34期連続の増収増益で、今期も35期連続を狙うと言っても、そうした厳しい経営環境をしっかりと見据えた上での似鳥氏の戦略である。

「いまコロナ危機で、在宅勤務やリモートワークで住関係の販売とか、うちが一時よくなったといっても、今年(2021年)は元へ戻る。もう皆さん買う物を買いましたからね。昨年は住関連はよかったけど、今年からはそうはいかない。マイナスをどれだけ我慢するかという局面ですね」

34期連続の増収増益を達成したといっても、気を抜かずに経営の任に当たり、35期連続を成就するという氏の気迫であり挑戦者魂である。

 ニトリは今期、内外で計110店の出店を計画している(国内出店は86店)。

 国内店舗は島忠の店舗を入れて722店。これに今期110店が加わるから、832店に増える。

 前期の出店数は約50店だったから、今期はその2倍以上になる。この〝強気の投資〟はどこから出てくるのか?

「既存店の売上高は通期見通しで97・2%です。だから今期は2・8%のマイナスになる。どこの業界も大体、4、5%のマイナスになっている。うちはそれでも少ないほうです」

 そうした現実のデータを直視しながら、手を打っていくということだ。

『衣・食・住』で新事業開拓アパレルの『N+』も開店

 今後の成長を図っていく上で、『衣・食・住』を手がけるというのが似鳥氏の考え。
 ニトリは家具販売というイメージを持たれがちだが、家具類の売上は全体の37%。

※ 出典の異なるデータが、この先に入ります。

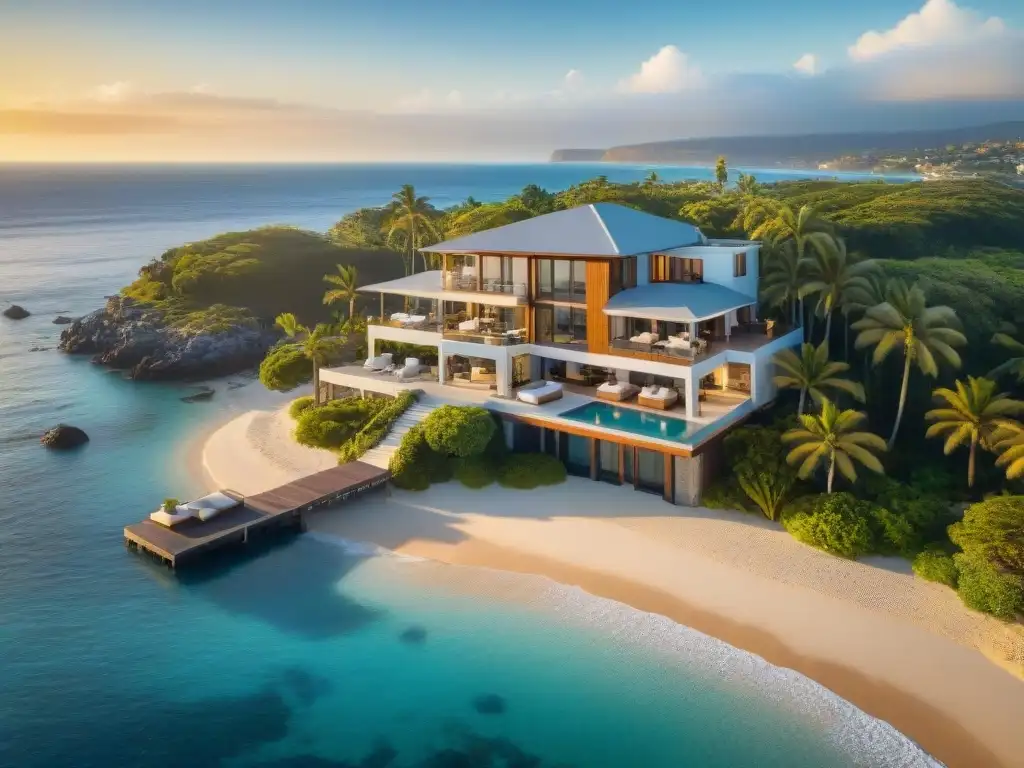 Propiedad costera de lujo con vistas impresionantes y decoración elegante Decoración de áreas exteriores en propiedad costera con lujosos muebles y acogedores espacios al aire libre, bajo la cálida luz dorada del atardecer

残りの63%はホームファッション、いわゆる室内装飾品である。最近は家電製品も扱う。

「家の中をコーディネートするのは楽しいですよ」と似鳥氏は消費者に提案してきた。
 家具店から出発し、ホームファッションを拡充し、成長してこられたのも、「1に値段の安さ、2に品質の良さ、3にコーディネート力」という似鳥氏の戦略が功を奏したからだと言える。

 そして、これからの成長を図り、当面の目標、2023年2月期に売上高1兆円達成を実現するための有効な手として、今回の島忠の買収があった。

 島忠を取り込み、その成果はどうやって上げていくのか?

「家具やソファー、ダイニング(調理設備)とかベッド類は10万円から20万円ぐらいの価格帯を置いている。具体的に、家具ではこれが一番売れます。島忠では20万円から40万円クラスをやっており、中には60万円とか70万円とかあるけど、倍の40万円ぐらいがメドかなと思います。とにかく、今までのうちの倍ぐらいまで価格帯を伸ばしていく」

 似鳥氏はこう語りながら、次のように続ける。
「うちの価格帯は大衆価格だから、日本国民の80%を相手にさせてもらっています。あと2割の層の商品が島忠にあるということですからね」

 商品の品揃えの幅が広くなる。
「ええ、今まで年収800万円か900万円の人たちから、これからは年収1500万円とか2000万円のクラスまで買物ができるということです。これがすごく大きい」

『衣・食・住』を手がけるということでは、昨年、女性衣料専門店『Nエヌ+プラス』を出店、本格的にアパレル事業に参入。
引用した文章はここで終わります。